Natural Gas Exploration and Development

Whereas:

Onshore "unconventional" natural gas production often requires hydraulic fracturing, which typically injects a mix of millions of gallons of water, thousands of gallons of chemicals, and particles deep underground to create fractures through which gas can flow for collection. According to the American Petroleum Institute, "up to 80 percent of natural gas wells drilled in the next decade will require hydraulic fracturing."

The impacts of fracturing operations include activities above and below the surface that are a necessary part of the life cycle of those operations, including assuring the integrity of well construction and moving, storing, and disposing of significant quantities of water and toxic chemicals.

High profile contamination incidents, especially in Pennsylvania, are fueling public controversy and altering the regulatory environment. Pennsylvania's Times-Shamrock Newspapers report "many of the largest operators in the Marcellus Shale have been issued violations for spills that reached waterways, leaking pits that harmed drinking water, or failed pipes that drained into farmers' fields, killing shrubs and trees."

Public officials in Pittsburgh, Philadelphia and New York City have called for delays or bans on fracturing. Pennsylvania, West Virginia, Colorado, Wyoming and New York State all tightened or are considering tightening regulatory requirements, though state regulations remain uneven. At the federal level, the Environmental Protection Agency is studying links between fracturing and drinking water resources.

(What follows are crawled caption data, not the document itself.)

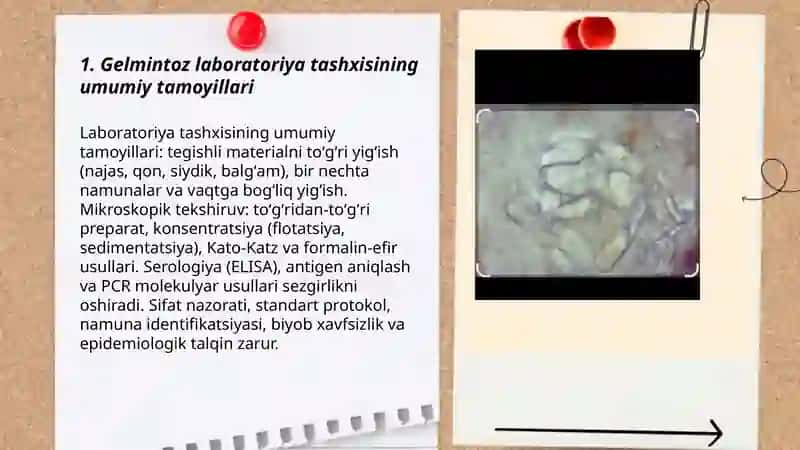 Gelmintoz labarator tashxisi 3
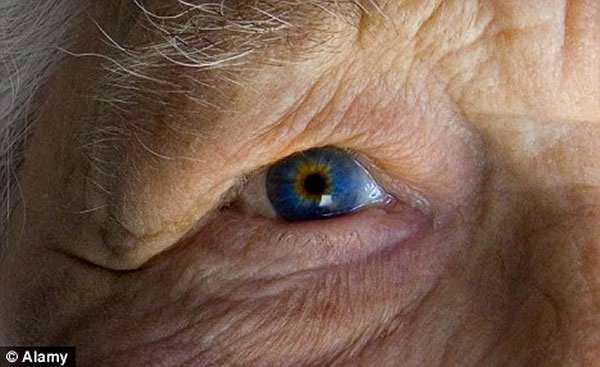 老年性黄斑变性导致英国四分之一60岁群体和二分之一70岁群体视力下降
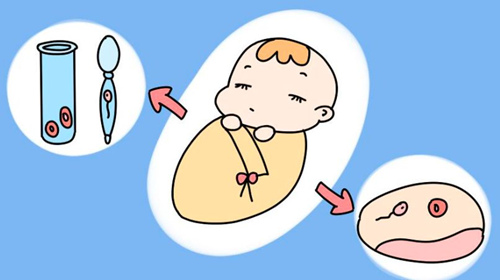 做试管婴儿取卵的时候疼吗,取卵后注意事项主要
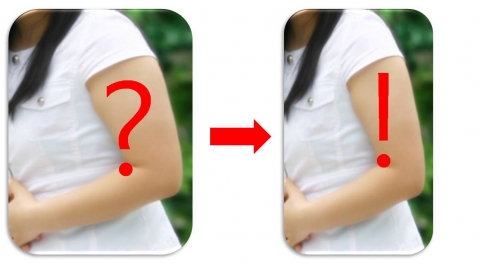 여성의 바디라인을 살려주는 ‘미니 레이저 지방용해흡입술’
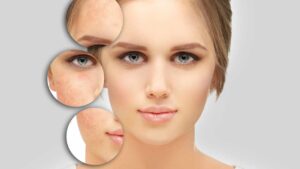 Acne e cicatrici: prova questi rimedi naturali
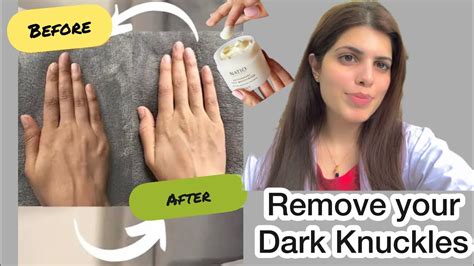 How To Remove Dark Knuckles Dark Knuckles Treatment With Only One Cream 💯 Results Dr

A multi-sectoral assessment for investors, "Water Disclosure 2010 Global Report," flags brand and reputation risks from water management in the oil and gas sector as a particular concern.

Proponents believe potential environmental impacts and increasing regulatory scrutiny could pose threats to El Paso's license to operate, and enhance vulnerability to litigation, and that our company is not providing sufficient information on key business risks associated with natural gas extraction and hydraulic fracturing. Proponents believe our company should protect its long-term financial interests through policies and measures beyond existing, inconsistent regulatory requirements to further reduce environmental hazards and associated business risks.

Therefore be it resolved:


Shareholders request that the Board of Directors prepare a report by September 1, 2011, at reasonable cost and omitting confidential information such as proprietary or legally prejudicial data, summarizing 1. known and potential environmental impacts of fracturing operations of El Paso Corporation; 2. policy options for our company to adopt, above and beyond regulatory requirements and our company's existing efforts, to reduce or eliminate hazards to air, water, and soil quality from fracturing operations ; and 3. the management's evaluation of the potential magnitude of material risks, short and long term, that this issue may pose to the company's finances or operations.

Supporting statement:

Proponents believe policies explored should include, for example, additional efforts to reduce toxicity of fracturing chemicals, recycle waste water, monitor water quality prior to drilling, cement bond logging, and other structural or procedural strategies to reduce environmental hazards and financial risks. For purposes of this proposal, "potential" includes both occurrences that are reasonably foreseeable as well as worst case scenarios.